Lo más fascinante que me tocó observar, aquella noche en que visitamos con mi amiga Majo la casona abandonada de Ezeiza, no fue tanto la bella construcción en ruinas que se alzaba solitaria en medio de la nada de los bosques de la región.
No, lo más fascinante fue observar la constelación de los satélites artificiales de Tesla desfilando en la bóveda celeste. Porque tomé conciencia de cuan cubiertos tenemos la mirada en la ciudad. Y por si hiciera falta algo más, cuando regresábamos, con el coche con las ventanillas bajas, pudimos percibir ese cambio sutil del aire puro del campo al aire contaminado de la ciudad. El frescor de la noche que dio paso al calor del cemento.
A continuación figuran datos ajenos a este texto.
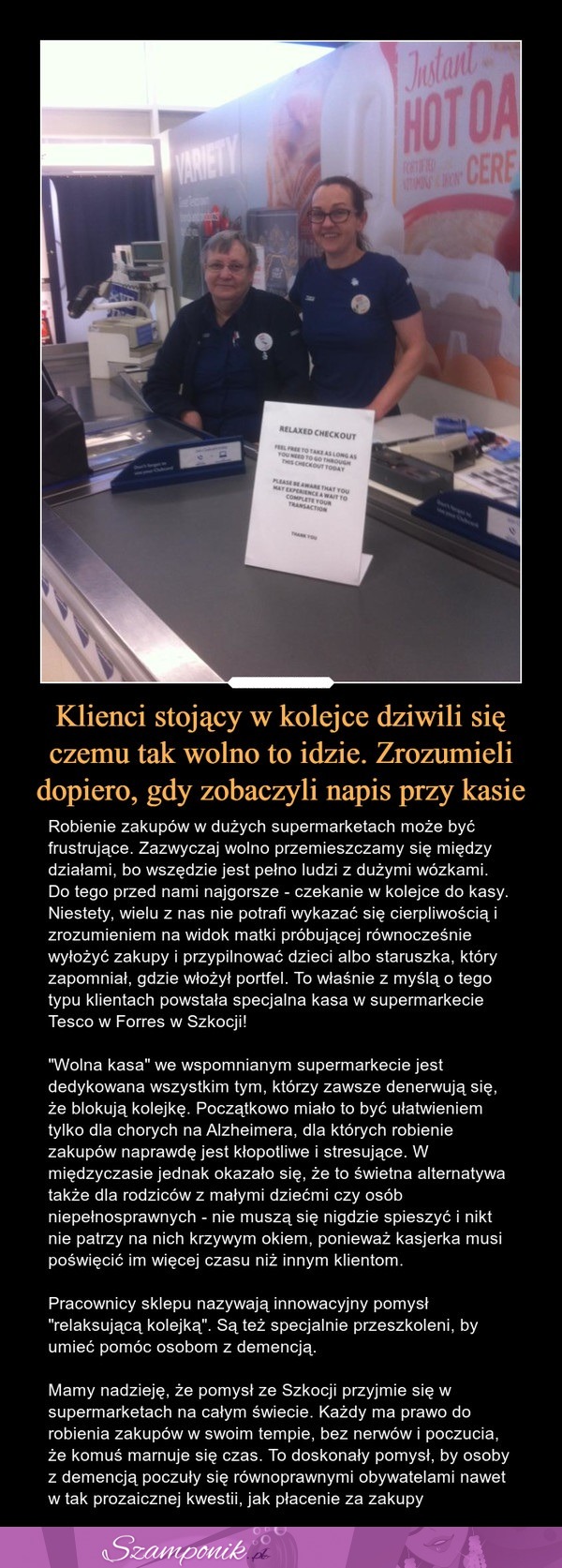 Klienci stojący w kolejce dziwili się czemu tak wolno to idzie. Zrozumieli dopiero, gdy zobaczyli napis przy kasie!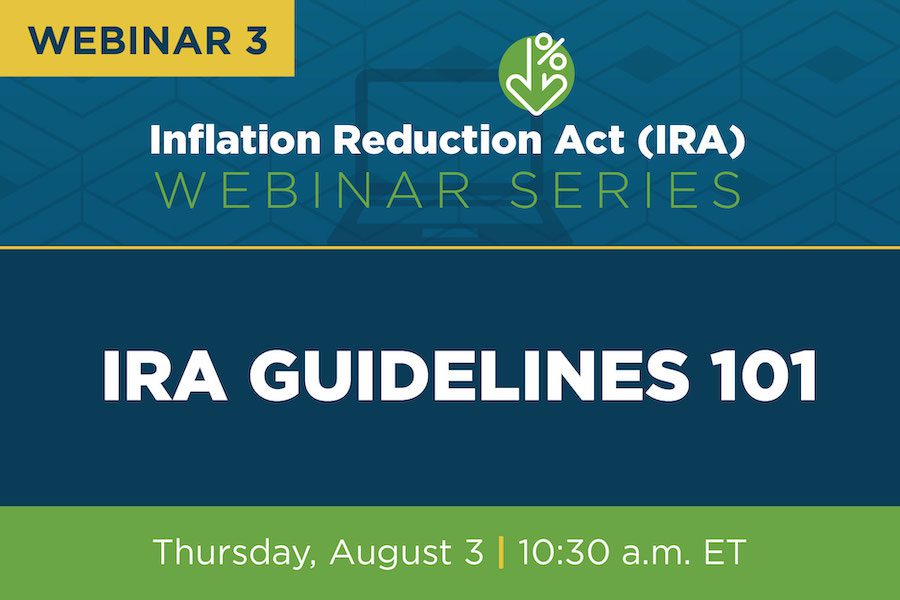 Graphic that says Webinar 3 Inflation Reduction Act (IRA) Webinar Series, IRA guidelines 101, Thursday August 3, 10:30 a.m. ET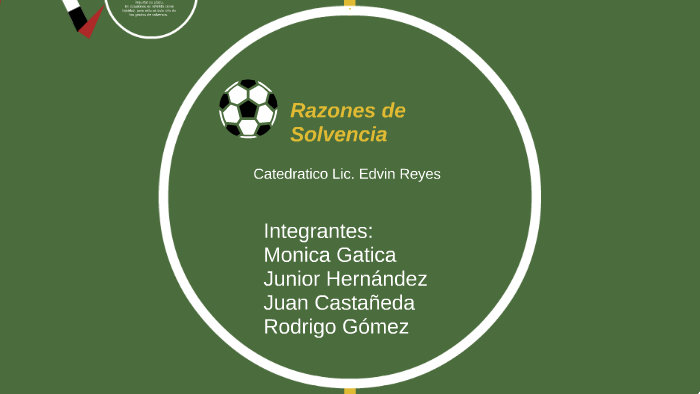 Razones De Solvencia By Rodrigo Jose Gomez Barrera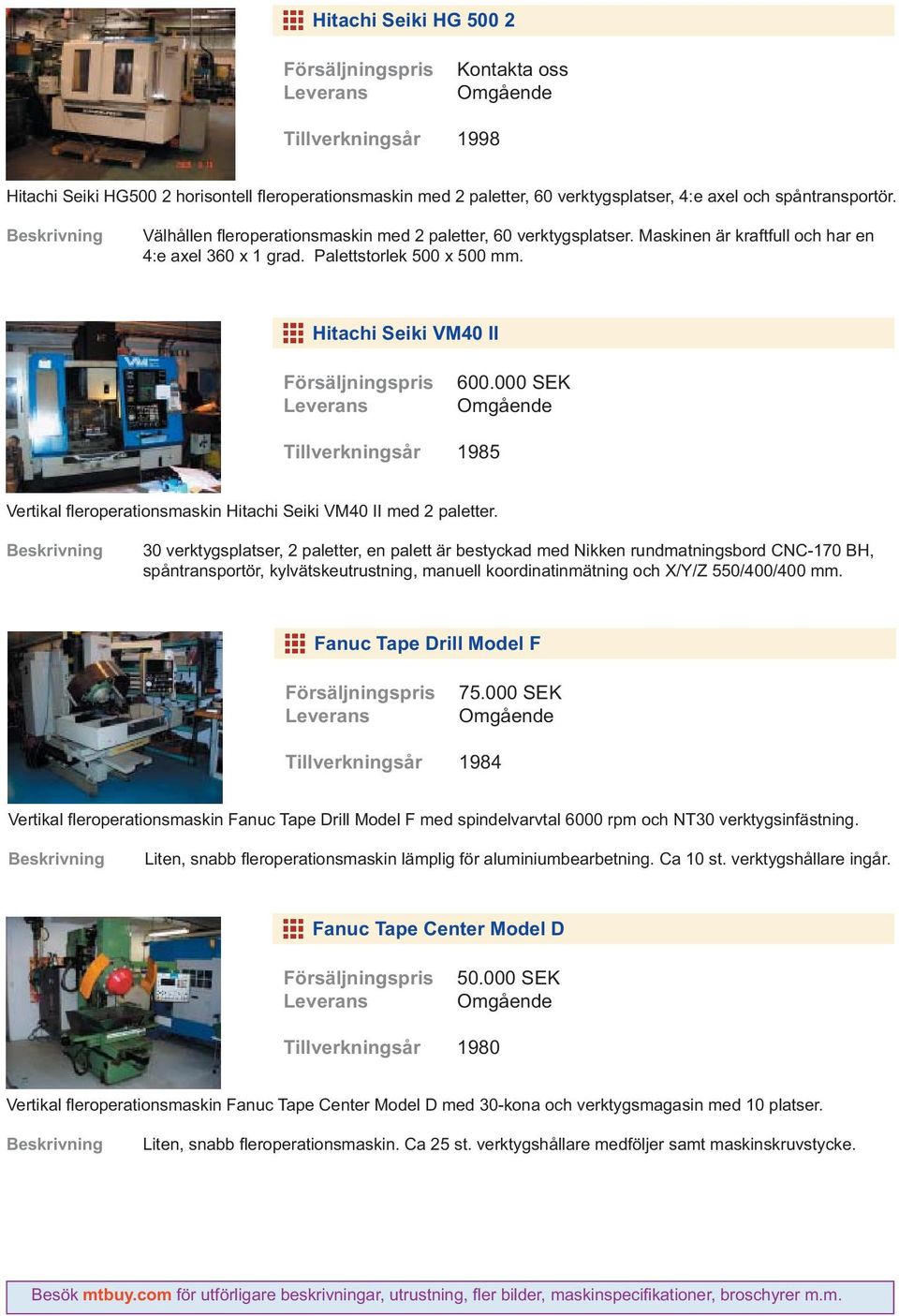 000 SEK Tillverkningsår 1985 Vertikal fl eroperationsmaskin Hitachi Seiki VM40 II med 2 paletter.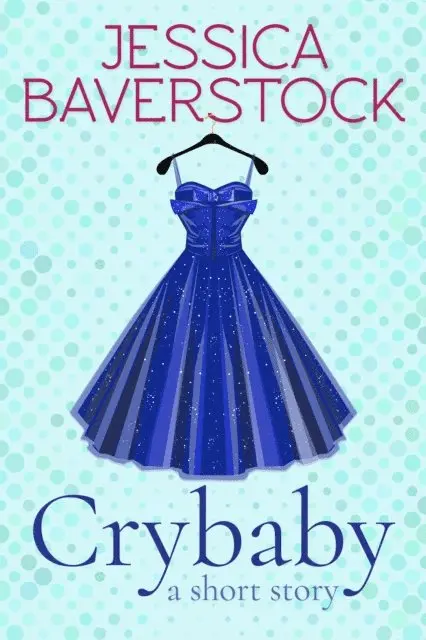 Jessica Baverstock - Crybaby: A Short Story, E-bok. Tillgänglighet: Lägg i varukorg
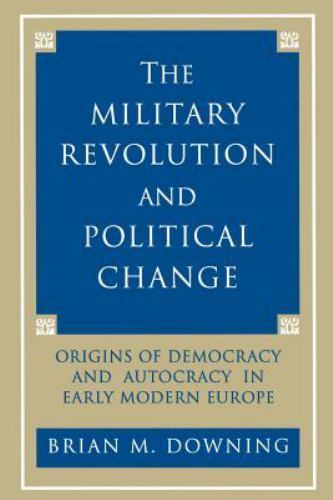 The Military Revolution and Political Change, Downing, Brian, 9780691024752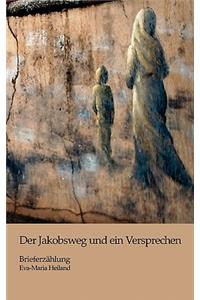 Der Jakobsweg und ein Versprechen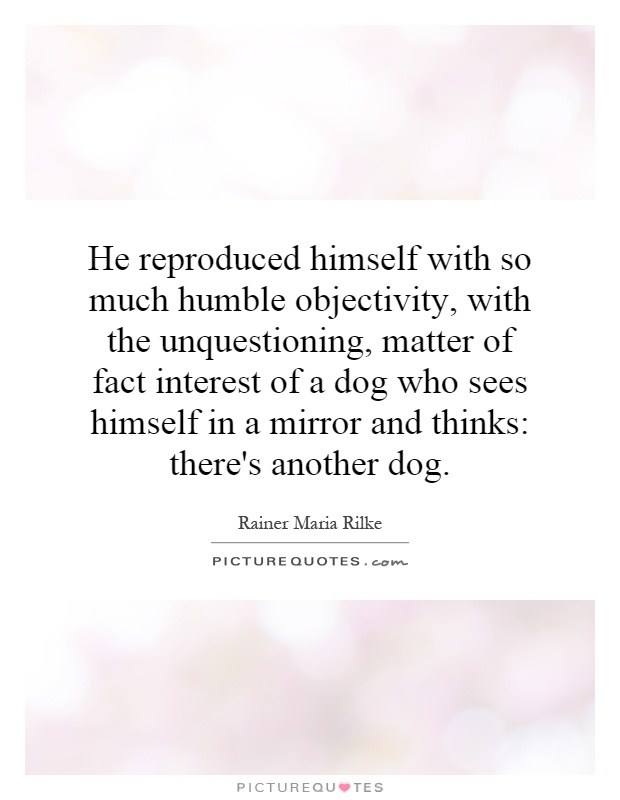 He reproduced himself with so much humble objectivity, with the unquestioning, matter of fact interest of a dog who sees himself in a mirror and thinks: there's another dog Picture Quote #1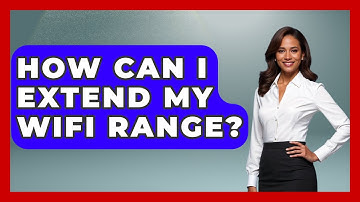 How Can I Extend My WiFi Range? - Your Computer Companion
Vivir en un lugar como esta casona, sin lugar a dudas, debe darnos más años de vida saludable. Este viaje increíble me hizo advertir cuan apresados vivimos, cuanto perdimos por vivir en civilización, y como los días de nuestras vidas están en una cuenta regresiva aspirando los tóxicos que liberamos cotidianamente.
No vi fantasmas, ni espíritus, ni ningún demonio asomando su cuerno, pero si cómo el ser humano vive prisionero en una celda de concreto. Y es tristísimo que nadie se dé cuenta.